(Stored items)
──────────────────────────────

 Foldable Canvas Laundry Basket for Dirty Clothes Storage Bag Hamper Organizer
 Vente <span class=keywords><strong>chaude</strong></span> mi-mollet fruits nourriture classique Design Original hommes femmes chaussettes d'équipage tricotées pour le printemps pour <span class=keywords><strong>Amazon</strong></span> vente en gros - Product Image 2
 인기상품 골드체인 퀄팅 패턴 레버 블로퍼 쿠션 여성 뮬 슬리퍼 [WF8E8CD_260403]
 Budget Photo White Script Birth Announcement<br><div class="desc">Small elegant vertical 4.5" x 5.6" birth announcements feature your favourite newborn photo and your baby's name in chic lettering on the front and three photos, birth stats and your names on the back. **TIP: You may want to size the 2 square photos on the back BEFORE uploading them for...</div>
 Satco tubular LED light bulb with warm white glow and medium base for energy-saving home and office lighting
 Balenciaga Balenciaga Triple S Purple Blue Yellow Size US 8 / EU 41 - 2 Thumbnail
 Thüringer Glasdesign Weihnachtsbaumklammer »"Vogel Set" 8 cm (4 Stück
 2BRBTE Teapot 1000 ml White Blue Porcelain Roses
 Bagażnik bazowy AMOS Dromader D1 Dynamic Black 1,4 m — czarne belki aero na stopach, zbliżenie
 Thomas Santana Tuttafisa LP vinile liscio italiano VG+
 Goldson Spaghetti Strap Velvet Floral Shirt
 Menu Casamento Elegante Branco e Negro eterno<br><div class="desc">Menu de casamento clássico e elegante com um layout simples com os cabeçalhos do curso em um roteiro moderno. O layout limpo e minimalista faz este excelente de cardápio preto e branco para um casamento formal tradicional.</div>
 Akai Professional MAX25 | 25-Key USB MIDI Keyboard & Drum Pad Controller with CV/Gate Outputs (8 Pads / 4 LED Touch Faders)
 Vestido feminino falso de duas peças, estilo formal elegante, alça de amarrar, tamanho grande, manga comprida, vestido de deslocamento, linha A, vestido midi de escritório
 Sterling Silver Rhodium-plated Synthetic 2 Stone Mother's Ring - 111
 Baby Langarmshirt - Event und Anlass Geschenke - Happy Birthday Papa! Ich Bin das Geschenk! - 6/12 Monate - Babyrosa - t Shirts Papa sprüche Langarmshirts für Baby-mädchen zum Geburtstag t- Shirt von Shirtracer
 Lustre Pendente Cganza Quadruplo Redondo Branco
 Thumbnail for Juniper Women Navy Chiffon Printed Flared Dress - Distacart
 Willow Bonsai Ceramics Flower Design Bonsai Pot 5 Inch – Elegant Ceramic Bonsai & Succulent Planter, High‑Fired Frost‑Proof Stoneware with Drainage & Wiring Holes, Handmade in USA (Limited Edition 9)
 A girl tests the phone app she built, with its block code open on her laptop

──────────────────────────────

YOUR OBJECTIVE - Please output only the lines from the first line of the entries through the line with "Bagażnik bazowy AMOS", both included, exactly as written.

TASK RESPONSE -
 Foldable Canvas Laundry Basket for Dirty Clothes Storage Bag Hamper Organizer
 Vente <span class=keywords><strong>chaude</strong></span> mi-mollet fruits nourriture classique Design Original hommes femmes chaussettes d'équipage tricotées pour le printemps pour <span class=keywords><strong>Amazon</strong></span> vente en gros - Product Image 2
 인기상품 골드체인 퀄팅 패턴 레버 블로퍼 쿠션 여성 뮬 슬리퍼 [WF8E8CD_260403]
 Budget Photo White Script Birth Announcement<br><div class="desc">Small elegant vertical 4.5" x 5.6" birth announcements feature your favourite newborn photo and your baby's name in chic lettering on the front and three photos, birth stats and your names on the back. **TIP: You may want to size the 2 square photos on the back BEFORE uploading them for...</div>
 Satco tubular LED light bulb with warm white glow and medium base for energy-saving home and office lighting
 Balenciaga Balenciaga Triple S Purple Blue Yellow Size US 8 / EU 41 - 2 Thumbnail
 Thüringer Glasdesign Weihnachtsbaumklammer »"Vogel Set" 8 cm (4 Stück
 2BRBTE Teapot 1000 ml White Blue Porcelain Roses
 Bagażnik bazowy AMOS Dromader D1 Dynamic Black 1,4 m — czarne belki aero na stopach, zbliżenie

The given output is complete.